Crisol Theater of Idols Review — A Horror Game That Almost Gets It Right

Is this Spanish indie the warm-up act we needed before Resident Evil Requiem?

There’s something genuinely intriguing about Crisol: Theater of Idols. Developed by Spanish studio Vermilla and published by Blumhouse Games, it wears its Resident Evil influence openly — and for the most part, pulls it off.

The mechanics are solid, the atmosphere has real potential, and the setting is unlike anything you’ve seen in the genre.

On paper, it had every reason to be a standout AA release. In practice, a handful of persistent design flaws and some genuinely annoying bugs prevent it from getting there.

Somewhere around the midpoint, the survival horror tension largely evaporates. What replaces it feels closer to BioShock — except without that game’s narrative confidence or forward momentum. What’s left is a stylish, moderately original action game that sits somewhere between a shooter and a survival experience.

That’s not a catastrophic outcome, but it is a different destination than the one the trailers advertised. If you go in with the right expectations, there’s a solid game here. Just not the one you might have been hoping for.

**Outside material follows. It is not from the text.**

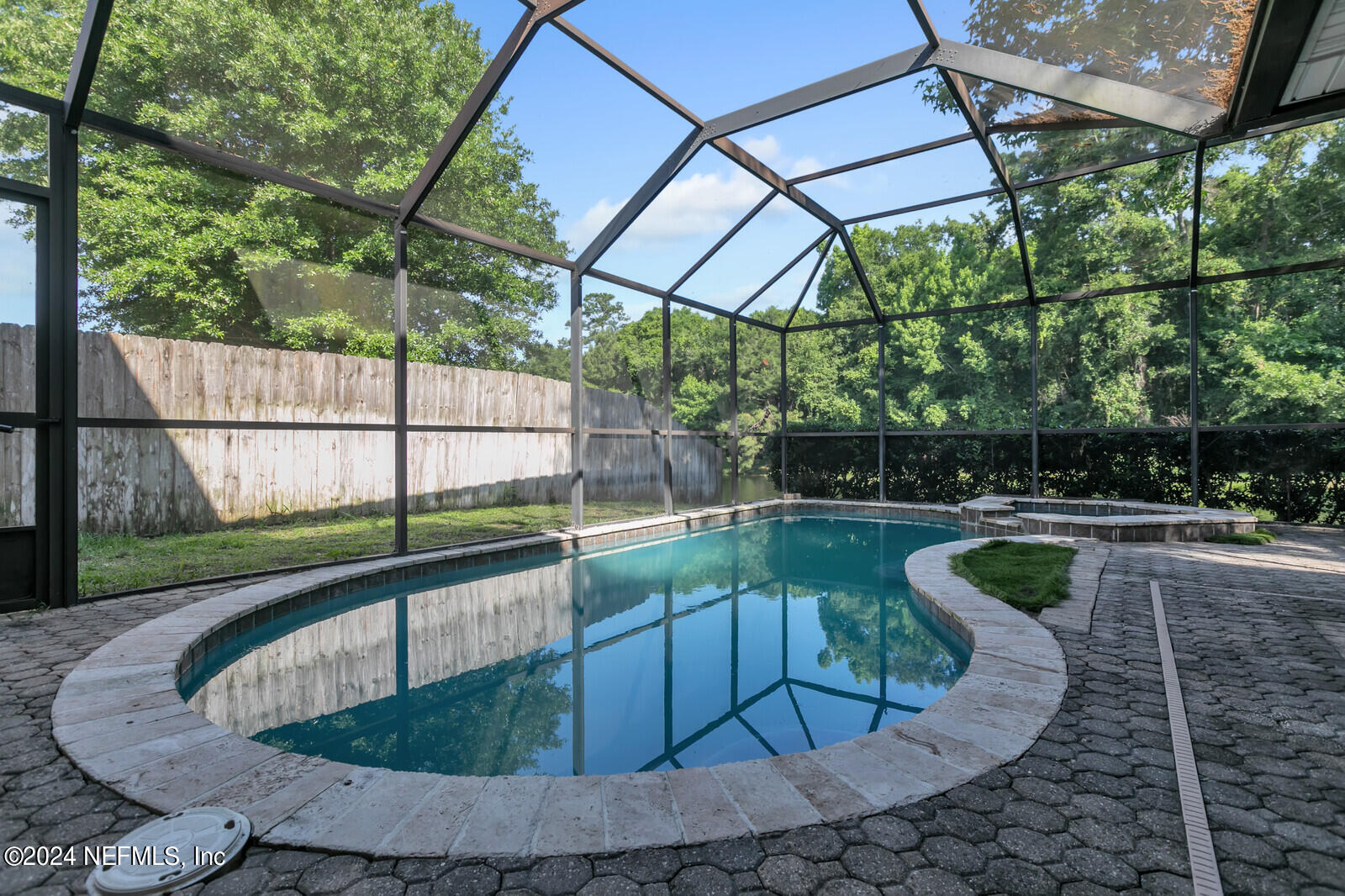 a view of swimming pool with a patio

A Story That Earns Its Twists

On the surface, the premise reads like a B-movie checklist. Retired soldier Gabriel Escudero hears the voice of a god named Sol and travels to the island of Tormentosa — set in an alternate version of Spain — to prevent an ancient destroyer from awakening inside a local cathedral.

A god of fire squared off against a lord of the sea. Cultist factions on both sides. It’s familiar territory, and the game knows it.

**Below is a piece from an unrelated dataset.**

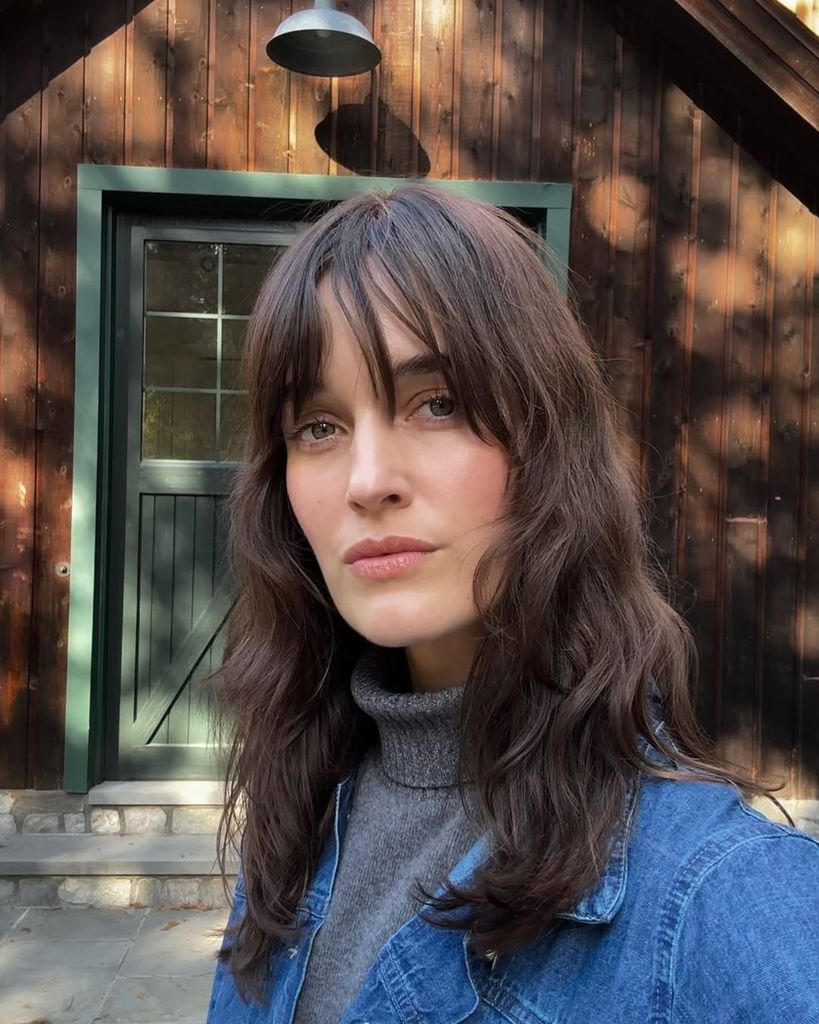 Kate Harrison posing in denim jacket and gray jumper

But the more time you spend on Tormentosa, the more the story reveals itself. Themes of faith, moral ambiguity, and fallen glory start to surface, and the parallels with BioShock Infinite become hard to ignore — a supernatural city past its prime, a prophet figure hinting that everything is more complicated than it seems, a young female companion guiding you via radio, and recurring questions about what it means to believe in something.

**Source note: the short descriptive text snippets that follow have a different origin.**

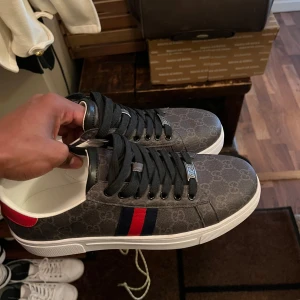 Gucci sneakers med GG-mönster Storlek 43/44 - Snygga Gucci sneakers i mörkgrått med klassiskt GG-mönster, svarta snören och vita sulor. Skorna har röda och marinblå ränder på sidan samt röd häl med Gucci-logga. Obs ( Box samt dust bag tillkommer) 🙌 Hör av er vid minsta lill bekymmer!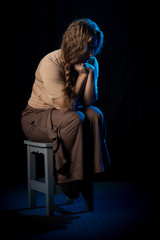 Girl Actress on stage plays emotions in blue theatrical light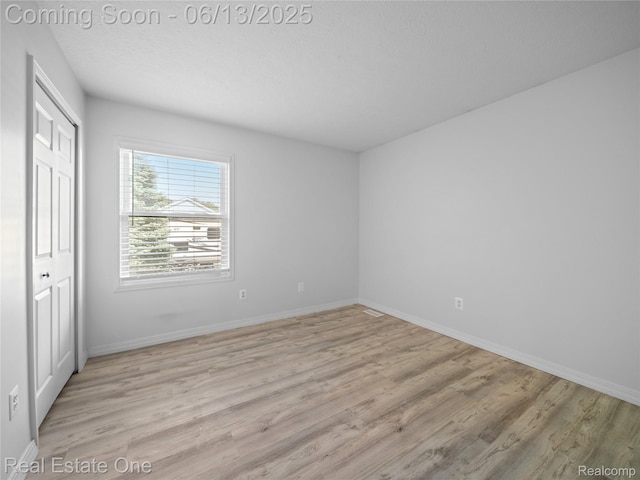 8907 Mccoll Side Rd, Brighton, MI 48116 - unfurnished bedroom featuring light wood-style floors and a closet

The game isn’t subtle about its influences, but it handles them with enough care to stay genuinely engaging.

The narrative is delivered through radio conversations, short animated cutscenes between chapters, and a distinctive mechanic: 69 scripted ghost encounters scattered across the island.

These bloody spirits replay moments from the island’s past in the style of Everybody’s Gone to the Rapture, fleshing out the backstory in a way that feels authentic and budget-conscious at the same time.

The problem is pacing. Each encounter puts the brakes on an already leisurely narrative, and the cumulative effect can feel exhausting before the story finds its footing.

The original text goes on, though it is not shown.